* **YOUR INSTRUCTIONS**:
Transcribe only the lines of the listing below from the one holding "Ładowarka podróżna Choetech" through the one holding "Eco-Friendly Recyclable Paper", inclusive, without any change.

* **DATA SUPPLIED**:
- - - - - - -

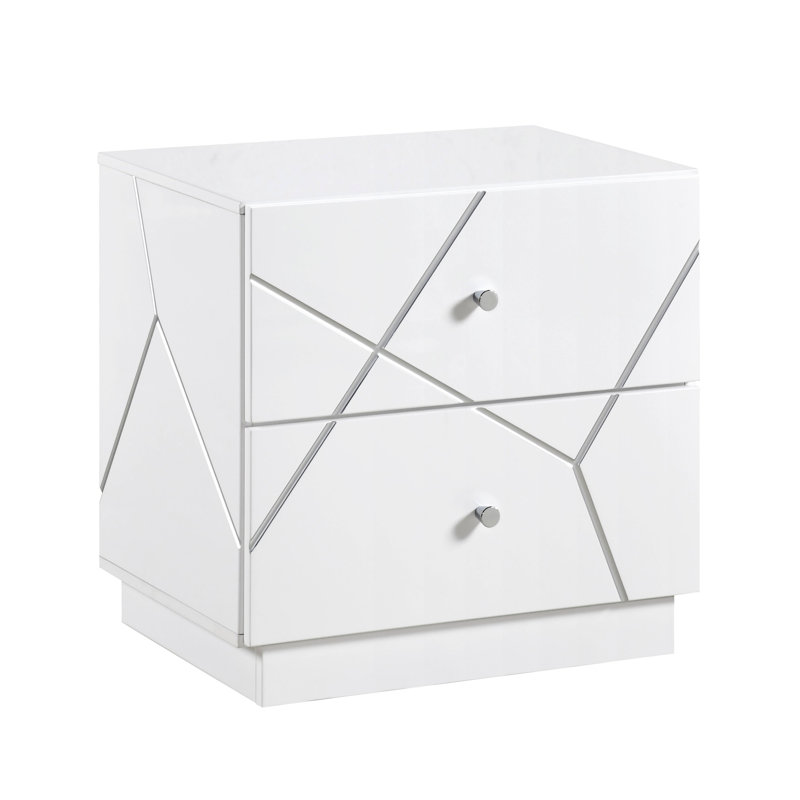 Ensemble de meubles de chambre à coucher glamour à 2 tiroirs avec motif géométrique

- - - - - - -

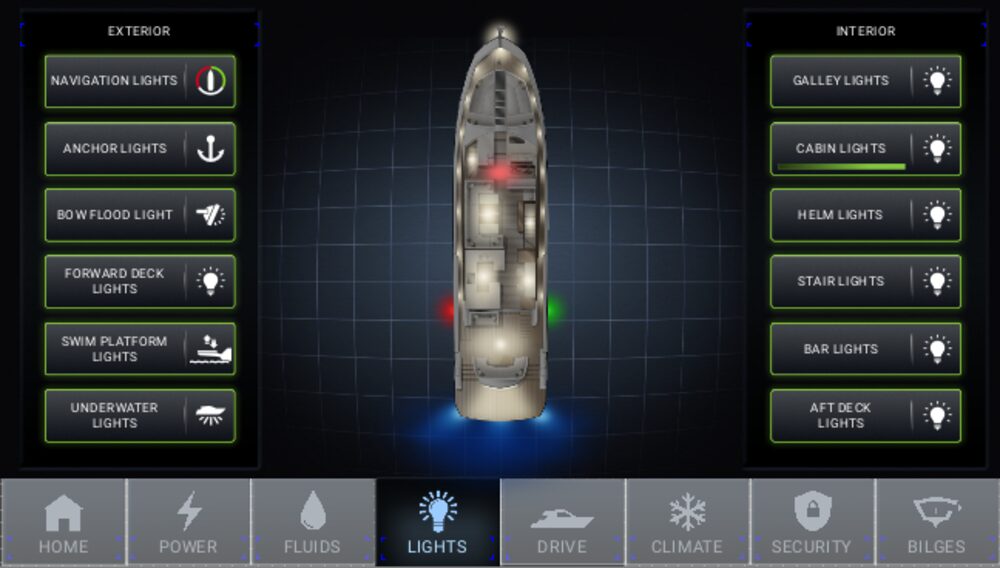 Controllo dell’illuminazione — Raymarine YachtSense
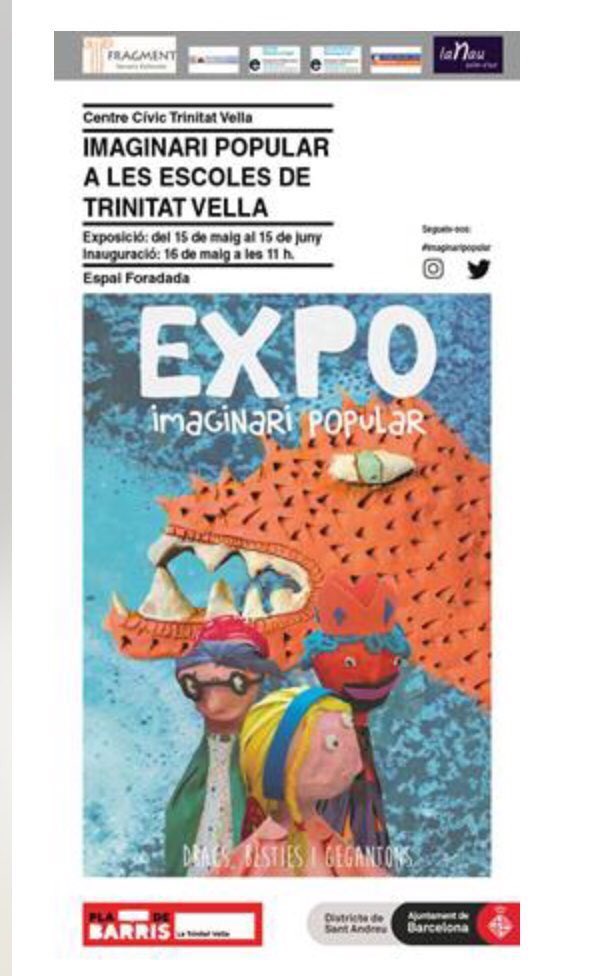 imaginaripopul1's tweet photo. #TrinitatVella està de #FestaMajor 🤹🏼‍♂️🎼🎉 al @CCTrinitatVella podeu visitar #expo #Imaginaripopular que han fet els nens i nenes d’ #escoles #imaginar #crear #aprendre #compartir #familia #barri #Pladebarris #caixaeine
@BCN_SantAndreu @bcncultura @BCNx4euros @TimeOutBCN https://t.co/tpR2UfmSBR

- - - - - - -

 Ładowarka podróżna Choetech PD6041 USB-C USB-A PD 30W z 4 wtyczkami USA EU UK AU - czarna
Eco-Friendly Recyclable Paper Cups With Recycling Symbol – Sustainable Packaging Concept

- - - - - - -

* **COMPLETED TASK**:
 Ładowarka podróżna Choetech PD6041 USB-C USB-A PD 30W z 4 wtyczkami USA EU UK AU - czarna
Eco-Friendly Recyclable Paper Cups With Recycling Symbol – Sustainable Packaging Concept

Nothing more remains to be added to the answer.